问题
I am learning about the "kohonen" library for the R programming language. I created some artificial data to try some of the functions on. I tried using the "supersom()" function on only continuous (i.e type = as.numeric) data and everything works well. However, when I tried to run the "supersom()" function on both continuous and categorical (type = as.factor), I start to run into some errors ("Argument data should be numeric").

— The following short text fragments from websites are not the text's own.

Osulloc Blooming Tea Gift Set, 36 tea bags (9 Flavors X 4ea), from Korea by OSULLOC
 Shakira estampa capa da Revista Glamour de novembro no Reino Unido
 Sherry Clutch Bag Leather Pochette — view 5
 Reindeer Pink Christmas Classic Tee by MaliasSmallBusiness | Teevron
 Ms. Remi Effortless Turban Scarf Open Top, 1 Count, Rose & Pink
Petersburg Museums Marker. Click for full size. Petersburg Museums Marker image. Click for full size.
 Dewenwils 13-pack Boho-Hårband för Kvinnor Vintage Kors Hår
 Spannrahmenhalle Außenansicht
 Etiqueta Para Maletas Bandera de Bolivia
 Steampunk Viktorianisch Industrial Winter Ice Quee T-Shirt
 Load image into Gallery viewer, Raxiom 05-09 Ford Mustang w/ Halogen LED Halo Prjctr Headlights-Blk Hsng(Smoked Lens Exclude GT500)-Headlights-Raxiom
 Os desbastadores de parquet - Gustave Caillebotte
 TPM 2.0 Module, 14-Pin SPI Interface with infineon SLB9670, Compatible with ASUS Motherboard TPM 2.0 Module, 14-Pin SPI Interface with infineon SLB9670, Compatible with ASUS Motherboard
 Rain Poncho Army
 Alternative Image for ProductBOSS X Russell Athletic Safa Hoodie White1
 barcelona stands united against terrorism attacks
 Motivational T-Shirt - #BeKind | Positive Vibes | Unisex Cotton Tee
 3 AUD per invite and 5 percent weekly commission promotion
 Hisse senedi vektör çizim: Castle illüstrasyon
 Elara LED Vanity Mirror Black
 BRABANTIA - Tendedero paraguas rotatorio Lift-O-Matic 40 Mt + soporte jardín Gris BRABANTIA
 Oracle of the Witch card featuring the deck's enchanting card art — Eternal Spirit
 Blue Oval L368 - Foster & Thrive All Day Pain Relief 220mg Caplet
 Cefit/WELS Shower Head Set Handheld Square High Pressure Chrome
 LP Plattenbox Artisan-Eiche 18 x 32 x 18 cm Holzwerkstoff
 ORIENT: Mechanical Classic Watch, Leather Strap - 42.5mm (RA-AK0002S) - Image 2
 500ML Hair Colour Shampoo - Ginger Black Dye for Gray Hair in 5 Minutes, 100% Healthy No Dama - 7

The "supersom()" function has an argument called "dist.fct" (distance function) which allows the user to specify which type of "distance" (e.g. "Euclidean" for continuous, "tanimoto" for categorical) should be used for different columns. I created a data set with 4 continuous variables and 3 categorical variables. Using the following link : https://www.rdocumentation.org/packages/kohonen/versions/2.0.5/topics/supersom , I tried to run the example:
#load libraries
library(kohonen)
library(dplyr)
#create and format data
a =rnorm(1000,10,10)
b = rnorm(1000,10,5)
c = rnorm(1000,5,5)
d = rnorm(1000,5,10)
e <- sample( LETTERS[1:4], 100 , replace=TRUE, prob=c(0.25, 0.25, 0.25, 0.25) )
f <- sample( LETTERS[1:5], 100 , replace=TRUE, prob=c(0.2, 0.2, 0.2, 0.2, 0.2) )
g <- sample( LETTERS[1:2], 100 , replace=TRUE, prob=c(0.5, 0.5) )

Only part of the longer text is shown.